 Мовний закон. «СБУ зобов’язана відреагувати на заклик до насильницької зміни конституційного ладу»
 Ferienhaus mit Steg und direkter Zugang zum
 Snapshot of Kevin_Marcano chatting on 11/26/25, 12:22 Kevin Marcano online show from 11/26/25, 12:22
----------------------------------------
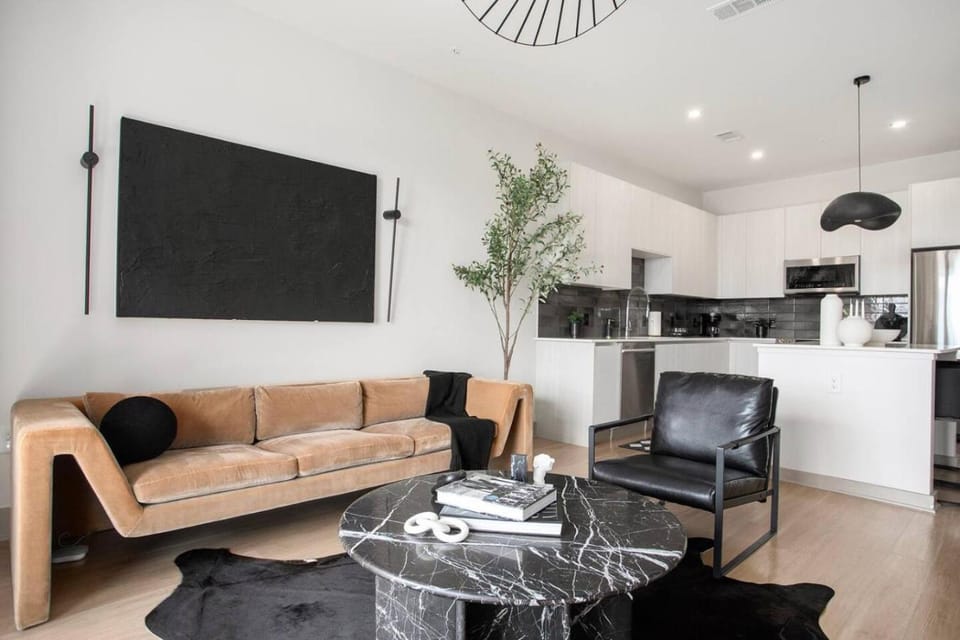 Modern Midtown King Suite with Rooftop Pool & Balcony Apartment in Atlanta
----------------------------------------
TRY IT:
Everything above from the line containing "зобов’язана відреагувати на" down to the line containing "Snapshot of Kevin_Marcano" is to be transcribed exactly, with both of those lines included and nothing else added.

EXERCISE OUTPUT:
 Мовний закон. «СБУ зобов’язана відреагувати на заклик до насильницької зміни конституційного ладу»
 Ferienhaus mit Steg und direkter Zugang zum
 Snapshot of Kevin_Marcano chatting on 11/26/25, 12:22 Kevin Marcano online show from 11/26/25, 12:22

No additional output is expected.